GraphRAG - serratus-bio/open-virome GitHub Wiki

RAG Review

Retrieval-augmented generation (RAG) is an approach to augment LLM generated text using data retrieved from a knowledge base to provide specialized responses and prevent hallucinations. Initial approaches to RAG systems relied on vector embeddings to encode and search for documents most relevant to a user's query. This approach is fast, but a substantial amount of relational and structural content is lost when documents are reduced to vector representations. To mitigate this, GraphRAG encodes documents into graph structures which can be clustered into communities and summarized with an LLM. At query time, community summaries are used to produce intermediate answers to a user's prompt. Intermediate answers are then ranked and aggregated into a final global response, which was shown to outperform naive RAG systems in the examined benchmarks. Although more computationally expensive, the GraphRAG algorithm follows a MapReduce pattern and can take advantage of parallelized calls to lightweight distilled LLMs (like gpt4o-mini).

For a more detailed overview of GraphRAG, you can refer to Microsoft's release notes and this popular Medium blog.

Ontology ETL

The Open Virome GraphRAG system makes some modifications to the original indexing and extraction steps that take advantage of properties in our data. Our knowledge graph was constructed using various well-maintained ontologies (i.e. NCBI Taxonomy, sOTU Phylogeny, Brenda Tissue Ontology, Human Disease Ontology). Instead of using an LLM to identify entities and relationships, we use curated biological ontologies to extract entities and relationships which form the "principal components" of our virome networks.
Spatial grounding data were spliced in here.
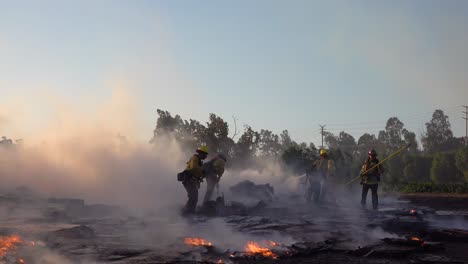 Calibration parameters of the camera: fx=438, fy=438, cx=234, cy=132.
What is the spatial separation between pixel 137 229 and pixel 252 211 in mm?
5569

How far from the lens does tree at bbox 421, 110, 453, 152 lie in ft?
311

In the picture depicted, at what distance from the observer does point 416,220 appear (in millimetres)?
10812

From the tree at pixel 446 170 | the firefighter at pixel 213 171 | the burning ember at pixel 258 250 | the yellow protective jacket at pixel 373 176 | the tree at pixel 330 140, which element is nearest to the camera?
the burning ember at pixel 258 250

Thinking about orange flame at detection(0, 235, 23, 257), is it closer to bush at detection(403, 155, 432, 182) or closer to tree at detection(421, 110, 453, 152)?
bush at detection(403, 155, 432, 182)

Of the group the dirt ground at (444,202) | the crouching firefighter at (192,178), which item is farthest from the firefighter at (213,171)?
the dirt ground at (444,202)

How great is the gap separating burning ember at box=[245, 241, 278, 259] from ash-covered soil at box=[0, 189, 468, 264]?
0.02 metres

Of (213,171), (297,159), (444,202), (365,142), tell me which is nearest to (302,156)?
(297,159)

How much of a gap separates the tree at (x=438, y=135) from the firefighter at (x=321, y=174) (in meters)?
87.3

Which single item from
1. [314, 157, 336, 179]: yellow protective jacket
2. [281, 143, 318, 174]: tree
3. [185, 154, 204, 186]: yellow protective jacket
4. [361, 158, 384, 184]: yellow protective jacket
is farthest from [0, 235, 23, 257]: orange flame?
[281, 143, 318, 174]: tree

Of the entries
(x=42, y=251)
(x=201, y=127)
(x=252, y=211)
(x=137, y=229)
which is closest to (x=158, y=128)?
(x=201, y=127)

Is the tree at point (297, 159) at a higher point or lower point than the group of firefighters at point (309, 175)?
higher

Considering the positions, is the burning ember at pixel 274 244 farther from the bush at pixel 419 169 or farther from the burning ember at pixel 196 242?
the bush at pixel 419 169

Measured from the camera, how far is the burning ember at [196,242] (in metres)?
7.61

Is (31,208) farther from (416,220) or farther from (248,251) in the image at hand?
(416,220) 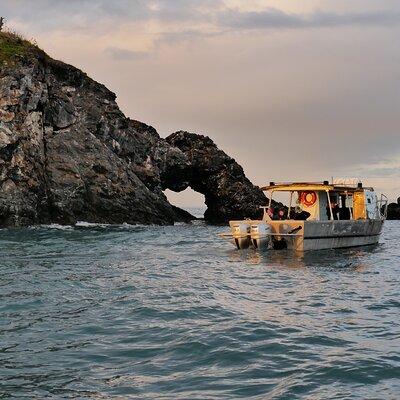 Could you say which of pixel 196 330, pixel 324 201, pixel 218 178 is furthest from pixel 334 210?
pixel 218 178

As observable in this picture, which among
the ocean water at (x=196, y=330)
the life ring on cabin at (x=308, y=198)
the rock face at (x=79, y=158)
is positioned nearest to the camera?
the ocean water at (x=196, y=330)

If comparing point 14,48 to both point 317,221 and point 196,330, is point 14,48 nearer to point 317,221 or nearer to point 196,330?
point 317,221

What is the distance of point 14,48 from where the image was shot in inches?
2110

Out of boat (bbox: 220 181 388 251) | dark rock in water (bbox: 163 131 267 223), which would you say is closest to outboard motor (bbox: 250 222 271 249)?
boat (bbox: 220 181 388 251)

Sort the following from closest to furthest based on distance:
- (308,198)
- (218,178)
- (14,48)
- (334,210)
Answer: (308,198) → (334,210) → (14,48) → (218,178)

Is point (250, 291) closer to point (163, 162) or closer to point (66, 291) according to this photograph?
point (66, 291)

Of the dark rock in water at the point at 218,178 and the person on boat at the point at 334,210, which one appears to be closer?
the person on boat at the point at 334,210

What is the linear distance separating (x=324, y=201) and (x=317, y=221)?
4810 mm

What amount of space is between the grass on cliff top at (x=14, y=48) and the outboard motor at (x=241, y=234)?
3000 centimetres

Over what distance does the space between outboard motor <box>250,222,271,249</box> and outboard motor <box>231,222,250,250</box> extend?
1.48 feet

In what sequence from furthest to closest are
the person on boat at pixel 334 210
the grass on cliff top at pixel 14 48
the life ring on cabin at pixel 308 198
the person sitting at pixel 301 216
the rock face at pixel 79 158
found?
the grass on cliff top at pixel 14 48, the rock face at pixel 79 158, the life ring on cabin at pixel 308 198, the person on boat at pixel 334 210, the person sitting at pixel 301 216

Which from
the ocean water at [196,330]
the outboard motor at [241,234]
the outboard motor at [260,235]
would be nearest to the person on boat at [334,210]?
the outboard motor at [260,235]

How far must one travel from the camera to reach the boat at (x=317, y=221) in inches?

This approach reduces the number of false positives that may be produced by an LLM and also provides a strategy for entity resolution since the ontology includes synonym mappings for entities and entity-entity similarity relationships which is used in the community clustering process.

Grounding with sequence data

Aside from relying only on user submitted metadata, we use sequence data to detect viruses with palmscan and detect other organisms with STAT. Additionally, instead of using an LLM to generate claims and covariates as is done in the original GraphRAG paper, we use MWAS to identify statistically significant associations between viral palmprint reads and metadata terms, which are used to provide supporting evidence to generated responses.

Virome clustering

We use the weighted Leiden algorithm on the full heterogeneous network to create communities. The Leiden algorithm provides parameters that can be used to control the number of resulting clusters and their size distributions. This introduces a trade off between speed and accuracy, since having more communities with smaller sizes would conserve more details but will take longer to query. Conversely, having fewer clusters will be faster to query but causes information loss in outliers during the summarization process. Overall, the clustering process and the summarization prompts are the main contributor to performance (both latency and accuracy).

Virome LLM summarizations

Clusters are summarized using bioproject titles and descriptions as well as counts of top occuring metadata (Host label, STAT organisms, Tissues, Diseases, Sex, Biome, Country). In the future, the prompts we develop to summarize figures can be used to improve cluster summarizations to feedback into an improved GraphRAG system.

Evaluations

[placeholder]

Retrievals: benchmark with various types of questions and expected top k filters using Precision@k, Recall@k, MAP@k
Grounding: detect hallucinated filters, invalid filters, inaccurate filters (compare to all possible valid vs actual)
Safety: benchmark of extreme to medium risk biology and virus related questions

Future research

GNN Clustering: We can train a GNN to learn more specific virus embeddings and KNN clusters for viromes. sOTUs are assigned features using the metadata ontologies that they are associated with in the SRA dataset. The GNN uses these features to predict sOTU co-occurrence relationships in a semi-supervised link prediction task.

STAT GraphRAG: It's possible to expand this architecture to include the entire SRA (not just the runs with viruses) and use STAT organisms + Metadata as the edges that are clustered on. Removing PalmDB edges and context would make the responses less steered toward virus related responses, though we can still use palmprints and STAT organisms for safety-related checks. MWAS results could be computed using kmer abundance instead of using palmprint reads. Some consideration would be needed for selecting a taxonomic rank and kmer threshold to use for STAT, otherwise storing the graph and the computed number of clusters may become intractable. Fast GraphRAG may resolve some of these issues.